KH. Nasaruddin Umar* - Dalam kesempatan ini, KH. Nasaruddin Umar memulai pembicaraan bahwa masa depan datang lebih cepat dari yang diperkirakan maka kita harus selalu meninggalkan kebiasaan lama dan melompat lebih tinggi untuk menggapai cita-cita. Kemudian beliau bercerita bahwa selama menjadi mahasiswa di Kanada, beliau masih suka bekerja di kantor pos dan mengajar mengaji di Kedutaan Besar Indonesia di Kanada.

Materi diawali dengan konsepsi turunnya wahyu. Allah SWT telah menurunkan firman-Nya melalui Malaikat Jibril, kemudian disampaikan kepada Nabi Muhammad SAW. Ayat pertama yang diturunkan Allah ke bumi adalah "Iqra" yang berarti, "bacalah". Allah menyebutkan kata Iqra' secara berulang kali dalam Surah Al-Iqra' tersebut. "Satu kata saja dalam Alquran itu pasti mempunyai makna yang sangat besar," ujar beliau.
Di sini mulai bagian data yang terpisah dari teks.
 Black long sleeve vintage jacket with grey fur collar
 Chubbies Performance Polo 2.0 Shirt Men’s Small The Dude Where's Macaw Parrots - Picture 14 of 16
Makna Iqra' pertama dalam Surah tersebut adalah how to read, yaitu bagaimana cara kita membaca Alquran dengan baik dan benar, serta dapat mengkhatamkannya. Iqra' yang kedua adalah how to learn, yang berarti tentang bagaimana mendalami Alquran dengan mengetahui artinya, tafsirnya, bahkan takwilnya. Selanjutnya, iqra' yang ketiga adalah how to understand, yaitu bagaimana kita menghayati kitab Allah tersebut. Jadi yang ketiga ini adalah secara emosional dan spiritual. Makna Iqra' yang keempat atau yang terakhir, yaitu bagaimana memukasyafahkan atau menyingkap tabir-tabir di dalam Alquran.  "Jadi, Iqra' Alquran itu sudah disempurnakan oleh Iqra' yang keempat tersebut," jelasnya.

Ia menambahkan bahwa konsep menghatamkan Alquran itu bukan hanya mengkhatamkan 30 juz atau bukan hanya menghafalkan 30 juz saja, tapi bagaimana agar seluruh umat Islam bisa menghatamkan Alquran dengan Iqra' pertama sampai ke empat tersebut. Beliau melanjutkan penjelasan tentang konsep pencari ilmu. Secara etimologi peserta didik dalam bahasa arab disebut dengan tilmidz jamaknya adalah talamid, yang artinya adalah “murid”, maksudnya adalah “orang-orang yang menginginkan pendidikan”. Dalam bahasa arab dikenal juga dengan istilah thalib, jamaknya adalah thullab, yang artinya adalah “mencari”, maksudnya adalah “orang-orang yang mencari ilmu”. Ini sesuai dengan sabda Rasulullah Saw: “Siapa yang menuntut ilmu dan mendapatkannya, maka Allah mencatat baginya dua bagian”. (HR. Thabrani)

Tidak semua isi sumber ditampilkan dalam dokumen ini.